At breakfast we had “breakfast sandwiches” made from english muffins and fried eggs.  Then we each had a fresh plum as our fruit and a cup of milk.  It was interesting to see who willingly (and not-so-willingly) ate what.

R- ate everything without much problem.

L- did not want the english muffin or the egg and it took some coaxing to get her to eat her three bites.  But she happily ate the entire plum.  I think she even said, “Oh, I love plums!” when I pulled them out of the fridge.

N- on the other hand, ate the egg sandwich with no problem, but was very resistant to the plum.  He told me that he’d never even tried one before (which I didn’t realize because I do buy them sometimes).  So he took three very small bites and made a face.


At lunch I served the chicken noodle soup (whole wheat noodles), home-made whole wheat bread (bread maker), and fresh cucumbers from the garden.

N- and R– both loved the bread and asked for second servings of it.

But L- didn’t eat very much of it.  She doesn’t seem to like bread very much most of the time no matter if it’s wheat or white.  On the other hand, she couldn’t get enough of the soup (although she did pass over the vegetables in it, so it was the noodles and the broth that she loved).   When I put the little bit that was left-over away she said, “Can we have the rest of the chicken noodle soup tomorrow?”
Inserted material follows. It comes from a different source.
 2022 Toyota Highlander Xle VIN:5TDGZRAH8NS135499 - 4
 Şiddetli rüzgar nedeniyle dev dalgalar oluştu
I had to modify our snack because we went to the pool in the afternoon.  I didn’t want to take yogurt with us, so instead we took grapes, celery with peanut butter, trail mix, and a few radishes.  Our pool doesn’t let people eat in the pool area, so we actually had to go outside of it for the snack.  They also do not have regular breaks where the kids are required to get out of the pool.  This affects snacking at the pool because it makes it a more formal affair than it would be if otherwise.  So, they did not want to get out the pool for a snack break until it was time to go…and I was fine with that.

But N- got tired of swimming before the girls and came to where I was saying how hungry he was.  I told him that we weren’t supposed to eat by the pool, but if he was really so hungry I didn’t see where eating some peanut butter celery would be so terrible (since it wouldn’t leave crumbs).  But he would have nothing to do with that idea because he doesn’t like celery — even though he was obviously very hungry.  So he had to wait.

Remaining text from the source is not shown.